Evolutionists assume that the small, horizontal microevolutionary changes (which are observed) lead to large, vertical macroevolutionary changes (which are never observed). This philosophical leap of faith lies at the eve of evolution thinking.

A review of any biology textbook will include a discussion of microevolutionary changes. This list will include the variety of beak shape among the finches of the Galapagos Islands, Darwin's favorite example. Always mentioned is the peppered moth in England, a population of moths whose dominant color shifted during the Industrial Revolution, when soot covered the trees. Insect populations become resistant to DDT, and germs become resistant to antibiotics. While in each case, observed change was limited to microevolution, the inference is that these minor changes can be extrapolated over many generations to macroevolution.

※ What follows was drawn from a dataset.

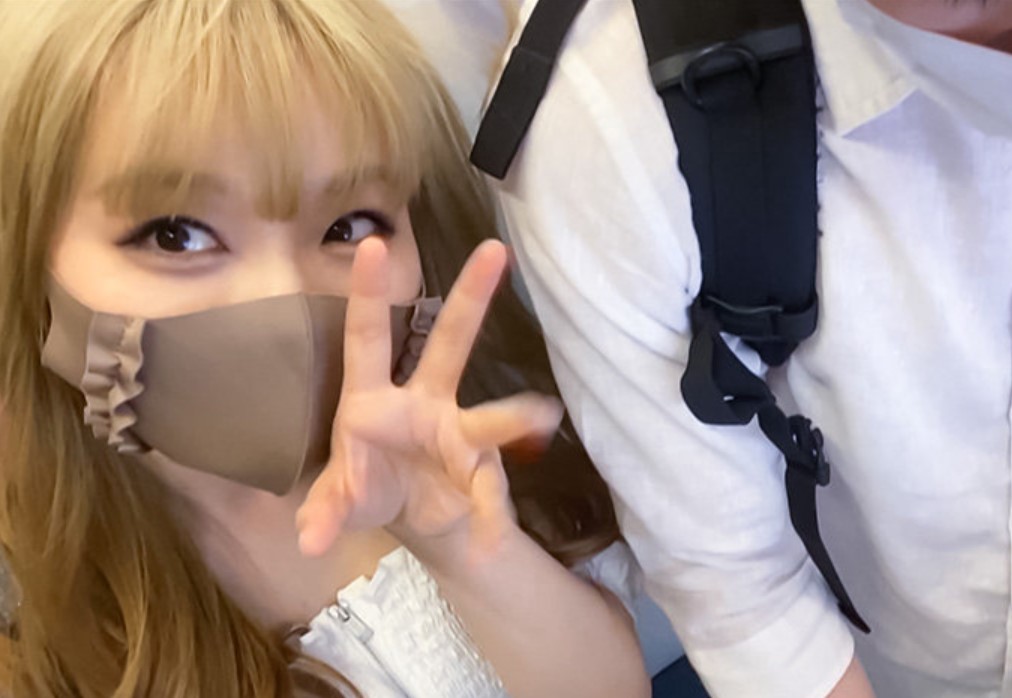 【筆下ろし×ギャル】エッチ大好き金髪ギャルが童貞君を優しくリード♪ねっとりフェラでおチンポご奉仕！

In 1980 about 150 of the world's leading evolutionary theorists gathered at the University of Chicago for a conference entitled "Macroevolution." Their task: "to consider the mechanisms that underlie the origin of species" (Lewin, Science vol. 210, pp. 883-887). "The central question of the Chicago conference was whether the mechanisms underlying microevolution can be extrapolated to explain the phenomena of macroevolution . . . the answer can be given as a clear, No."

Thus the scientific observations support the creation tenet that each basic type is separate and distinct from all others, and that while variation is inevitable, macroevolution does not and did not happen.